French newspaper Le Parisien reported that Paris St-Germain have signed a huge sponsorship deal with the Qatar Tourist Authority. The four-year deal is said to be worth E150m this season, rising to E200m in the final year of the arrangement. The deal is also reported to be back-dated so that the club will receive the full E150m this season, even though deal has only just been announced.
PSG are 100% owned by the Qatar Sports Initiative (QSI), which is in turn owned by the Qatar Investment Authority (QIA) – a Sovereign Wealth Fund owned by the Qatar government. Sovereign Wealth Funds are common amongst Oil producing countries (even Norway has one) and exist as a vehicle for investing excess oil-revenue profits. The Qatar Tourist Authority is a government funded organisation.

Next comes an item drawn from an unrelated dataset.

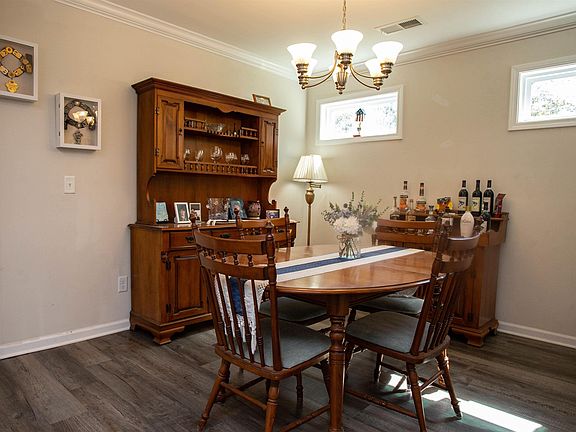 5th image of 1604 Green Branch Cir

This sponsorship deal has clearly been arranged to artificially boost the profits of PSG so that the club can comply with FFP rules. PSG are heavy spenders and without the huge deal would fail the FFP test in the first Monitoring Period. However, the scenario of owners (or parties connected to the owners) artificially inflating income was envisaged when the FFP rules were drawn-up. Under the rules this is called a Related Party Transaction. On page 85, the rules define a Related Party as follows:
3 a The entity and the reporting entity are members of the same group (which means that each parent, subsidiary and fellow subsidiary is related to the others);
b) One entity is an associate or joint venture of the other entity (or an associate or joint venture of a member of a group of which the other entity is a member);
It therefore seems likely the Qatar Tourist Authority would be classed as being Related to QSI. Under the rules,all Related Party Transactions have to be reviewed by the UEFA Financial Control Body (EFCB). This body is required to review all Related Party Transactions and identify a ‘fair value’ for the transaction – where this differs to the amount paid, the transaction will be adjusted for the purposes of the FFP test. So, assuming the rules are applied strictly as per the UEFA FFP rulebook, we would expect the deal to be adjusted downwards. [Note: the EFCB will also be responsible for reviewing Man City's £12.8m 'Intellectual Rights' payment revealed in my 16 Dec article.]
Of course it won’t be easy for the EFCB to identify a fair value for the deal. However there are precedents and in December 2012, Atletico announced a new sponsorship deal with Azerbaijan which was reported to be worth E20m a year. As a result, the club now wears shirts bearing the logo "Azerbaijan, land of fire"* . PSG may well find that their E150m-E200m a year deal is adjusted to around E20m – if this happens the club will fail the FFP test and face UEFA sanction (possibly resulting in an outright ban from UEFA competitons).
There are a few other things to consider about this deal. The EFCB were deliberately set up an independent panel (their Chairman is the former Belgium Prime Minister) so shouldn’t, in theory, be influenced by political pressure. This affair isn’t going to be entirely comfortably for UEFA – if the panel do their job, they will effectively be branding the PSG owners (the Qatar government) as a body that is not playing by the rules. It could then, potentially ban the Qatar government’s football team (PSG) from UEFA competitions. Given that FIFA have given Qatar the 2022 World Cup and also Platini’s desire to head-up FIFA in 2015, it could all get rather messy. Hence UEFA’s desire for the EFCB to be entirely independent.
It’s hard to be precise about the number of genuine tourists that visit Qatar. The Tourist Authority suggests the number may be as low as 60,000 this year and up until recently there were only 5,000 hotel beds in the country. Even if higher estimates are correct and 400,000 visit Doha each year, the PSG deal works out to a spend of around E440 per current visitor. Although Qatar is more progressive than many Middle-East states, alarm bells sounded last month when poet Al-Jami was jailed for life for criticising the ruler.
*presumably "land condemned by EU for Human Rights violations" was just too long.